SFR-2245: Refactor dev setup process and fix infinite cluster loop

NYPL · Oct 10, 2024 · 533a81e · 533a81e
1 parent 2beac30
commit 533a81e
Show file tree

Hide file tree

Showing 3 changed files with 131 additions and 113 deletions.
diff --git a/docker-compose.yml b/docker-compose.yml
@@ -75,21 +75,6 @@ services:
       - /var/run/docker.sock:/var/run/docker.sock
       - ./localstack/init-localstack-resources.sh:/etc/localstack/init/ready.d/init-localstack-resources.sh
 
-  devsetup:
-    container_name: drb_local_devSetUp
-    depends_on:
-      - database
-      - elasticsearch
-      - s3
-    build:
-      context: .
-    command: -e local-compose -p DevelopmentSetupProcess
-    volumes:
-      - type: bind
-        source: .
-        target: /src
-        read_only: true
-
 volumes:
   drb_local_dbdata:
   drb_local_esdata:

diff --git a/processes/developmentSetup.py b/processes/developmentSetup.py
@@ -11,136 +11,169 @@
 
 from managers.db import DBManager
 from .core import CoreProcess
+from logger import createLog
 from mappings.hathitrust import HathiMapping
 from .oclcClassify import ClassifyProcess
 from .oclcCatalog import CatalogProcess
 from .sfrCluster import ClusterProcess
 
+logger = createLog(__name__)
+
+
 class DevelopmentSetupProcess(CoreProcess):
     def __init__(self, *args):
-        self.adminDBConnection = DBManager(
+        self.admin_db_manager = DBManager(
             user=os.environ['ADMIN_USER'],
             pswd=os.environ['ADMIN_PSWD'],
             host=os.environ['POSTGRES_HOST'],
             port=os.environ['POSTGRES_PORT'],
             db='postgres'
         )
-        self.initializeDB()
+
+        self.initialize_db()
 
         super(DevelopmentSetupProcess, self).__init__(*args[:4])
 
     def runProcess(self):
-        self.generateEngine()
-        self.createSession()
-
-        self.initializeDatabase()
-
-        self.createElasticConnection()
-        self.waitForElasticSearch()
-        self.createElasticSearchIndex()
-
-        self.createRabbitConnection()
-        self.createOrConnectQueue(os.environ['OCLC_QUEUE'], os.environ['OCLC_ROUTING_KEY'])

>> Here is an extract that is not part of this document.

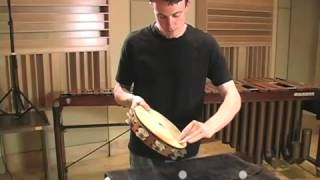 Tambourine 2 Rolls  Vic Firth Percussion 101 [upl. by Capwell925]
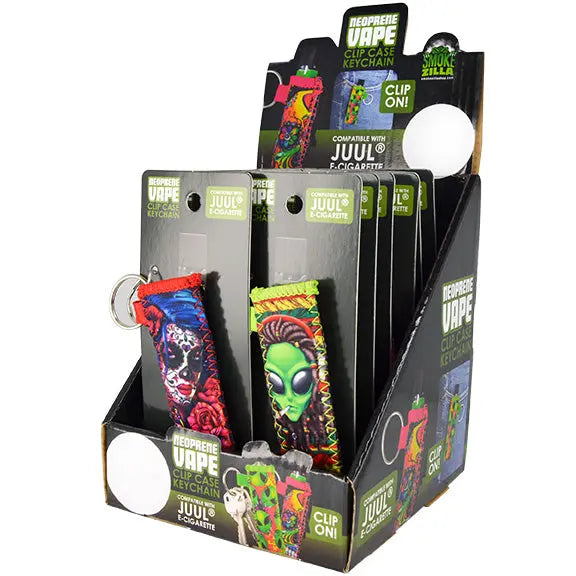 Neoprene Vape Case Keychain - 12 Pieces Per Retail Ready Display 24734 Neoprene Vape Case Keychain - 12 Pieces Per Retail Ready Display 24734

-        self.createOrConnectQueue(os.environ['FILE_QUEUE'], os.environ['FILE_ROUTING_KEY'])
-
-        self.fetchHathiSampleData()
-
-        procArgs = ['complete'] + ([None] * 4)
-
-        self.createRedisClient()
-        self.clear_cache()
-
-        classifyProc = ClassifyProcess(*procArgs)

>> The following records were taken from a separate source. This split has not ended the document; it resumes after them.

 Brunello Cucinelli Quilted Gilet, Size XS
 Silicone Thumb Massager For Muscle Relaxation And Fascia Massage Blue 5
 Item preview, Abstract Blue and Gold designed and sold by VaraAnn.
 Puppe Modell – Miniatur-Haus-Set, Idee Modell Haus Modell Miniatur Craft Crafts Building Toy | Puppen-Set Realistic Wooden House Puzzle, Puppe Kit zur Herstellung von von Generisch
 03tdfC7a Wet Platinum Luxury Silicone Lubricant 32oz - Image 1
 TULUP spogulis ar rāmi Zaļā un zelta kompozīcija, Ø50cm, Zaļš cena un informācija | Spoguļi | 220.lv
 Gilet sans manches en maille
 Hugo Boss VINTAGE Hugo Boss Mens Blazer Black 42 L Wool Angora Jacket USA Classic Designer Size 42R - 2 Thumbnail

-        classifyProc.runProcess()
-
-        catalogProc = CatalogProcess(*procArgs)
-        catalogProc.runProcess(max_attempts=1)
+        try:
+            self.generateEngine()
+            self.createSession()
+
+            self.initializeDatabase()
+
+            self.createElasticConnection()

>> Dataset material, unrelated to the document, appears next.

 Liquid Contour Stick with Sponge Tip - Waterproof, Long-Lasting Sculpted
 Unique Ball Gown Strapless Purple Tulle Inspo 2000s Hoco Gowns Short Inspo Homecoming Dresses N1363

+            self.wait_for_elastic_search()
+            self.createElasticSearchIndex()
+
+            self.createRabbitConnection()
+            self.createOrConnectQueue(os.environ['OCLC_QUEUE'], os.environ['OCLC_ROUTING_KEY'])
+            self.createOrConnectQueue(os.environ['FILE_QUEUE'], os.environ['FILE_ROUTING_KEY'])
+
+            self.fetch_hathi_sample_data()
+
+            process_args = ['complete'] + ([None] * 4)
+
+            self.createRedisClient()
+            self.clear_cache()
+
+            classify_process = ClassifyProcess(*process_args)
+            classify_process.runProcess()
+
+            catalog_process = CatalogProcess(*process_args)
+            catalog_process.runProcess(max_attempts=1)
+
+            cluster_process = ClusterProcess(*process_args)
+            cluster_process.runProcess()
+        except Exception:
+            logger.exception(f'Failed to run development setup process')
+
+    def initialize_db(self):
+        self.admin_db_manager.generateEngine()
+
+        with self.admin_db_manager.engine.connect() as admin_db_connection:
+            admin_db_connection.connection.set_isolation_level(ISOLATION_LEVEL_AUTOCOMMIT)
+
+            self.create_database(admin_db_connection)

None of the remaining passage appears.